Improving the diagnostic outcomes of patients with mitochondrial disease

Summary This project employs extensive quantitative proteomics tools, as well as mammalian cell culture of patient and gene-edited hESC cells, analysis of human tissue samples, bioinformatics and computational biology, and metabolic and enzymatic measurments.

Project Details

Genetic disorders affecting mitochondrial OXPHOS constitute the most common form of inherited metabolic disease, affecting ~1/5000 births. There are few, if any proven treatments. The diagnosis rate for mitochondrial disease is only ~60% and those lucky enough to receive a molecular diagnosis often wait months or years. Our lab is developing the use of computational proteomics to complement the existing tools in the diagnosis of mitochondrial disease.

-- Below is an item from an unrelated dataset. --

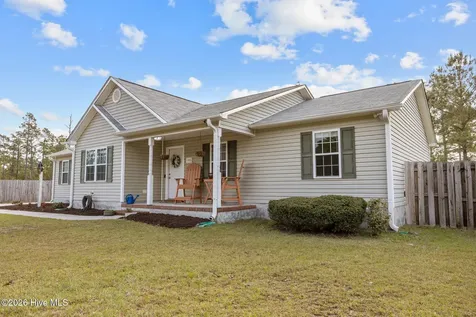 140 Van Riggs Road Hubert NC 28539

This project employs extensive quantitative proteomics tools, as well as mammalian cell culture of patient and gene-edited hESC cells, analysis of human tissue samples, bioinformatics and computational biology, and metabolic and enzymatic measurments. Discoveries are typically complemented by traditional biochemical and molecular biology studies to determine the roles of affected proteins in mitochondrial function, thus the project will also features classical molecular techniques such as mammalian cell culture, Blue-Native (BN) PAGE, western blotting, and metabolic measurements such as oxygen consumption and ATP production.